History tells us, too, that when Jory launched the Humana Festival in 1976, Owen's workload mushroomed. "From the beginning, it was a learning curve," Owen says. "We hadn't done a full-length-play repertory festival before, and the Humana demands such rapidity and variety. Our task is to create the environments that will allow the words to be performed to their maximum." He estimates he has designed 1,100 sets in all, including 800 at Actors Theatre. Because he doesn't draw, Owen must describe his design concepts to others (most recently, Brenda Ellis) for them to sketch.
Owen in Action
As he did at the Alley, Owen also designed lighting and costumes in his early Louisville years.
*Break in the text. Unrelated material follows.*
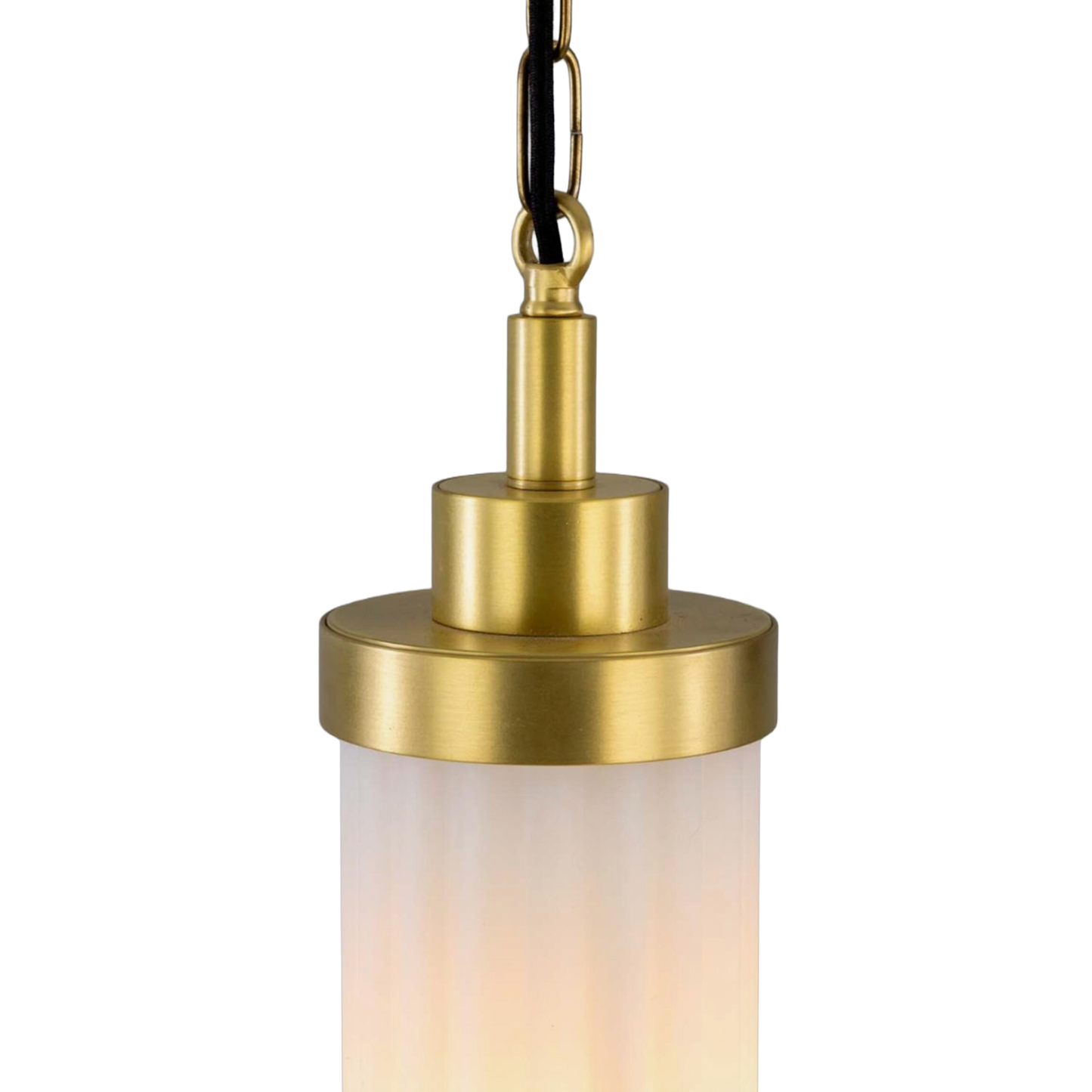 LOUISE - Vintage Rippled Opal Glass and Brass Bathroom Pendant 52.5cm IP44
He continued to light the Humana Festival until its sixth season, giving it up to concentrate on the logistics of scheduling, budgeting, and designing the monthlong maelstrom of multiple plays produced on multiple stages.
"Because it's a repertory festival, you have to anticipate and guess at the [design budget] and how we split it," he explains. "We keep pushing to get the scripts agreed upon and the directors by October, but often we don't have all of that put together until December. Once we know the shows, we have to break out and schedule design and construction time, coordinate the prop and scenic shops, project dates for construction drawings, and when to begin each. It's never sealed in stone. The trick is to keep the communication channels open."
Of the 348 premieres in the festival's history, Owen says he has designed the sets for all but seven. "People wonder that I'm willing to risk my career on the festival," he says. "What the hell — this is not a risk to my career. We're creating a vortex of energy. It's high-risk, of course, but you can't walk that high wire with fear."
In a notable shift, however, Owen designed only five of the eight productions in this year's festival, including the play that is most likely to reach New York City first, Theresa Rebeck's The Scene. "His design was flashy and efficient in its ability to move quickly from scene to scene while still giving a strong sense of place to each of the different locations," says Marc Masterson, who succeeded Jory at Actors Theatre and who asked Owen to cut back this season to give other designers a chance to gain the expertise needed to handle the festival's tricky demands.
For many years, Masterson explains, there was no other choice but for one person to design the whole festival: "Someone had to design the plays as if they were all one big set with multiple parts and figure out how all of the pieces fit together. Paul managed to do that and then some. It's important that the premieres are fully realized, so it's a very complicated puzzle that Paul works through to see that each play receives special and full attention."
Even without designing every production at this year's 30th annual festival, Owen still created remarkable sets for Six Years, Sharr White's decades-jumping drama; Neon Mirage, a phantasmagoric anthology; Low, a monologue by Rha Goddess; and the annual — and mercurial — bill of 10-minute plays.
With his 71st birthday approaching in August, Owen wonders whether 2010 — his 50th anniversary in professional theatre — might signal a time to retire. Still, he says, he learned decades ago the folly of trying to design his life. "Paul simply needs to slow down a bit," Masterson says. "But he remains a razor-sharp designer and will have a place in this festival as long as he is interested and able." With Owen, that might well be forever.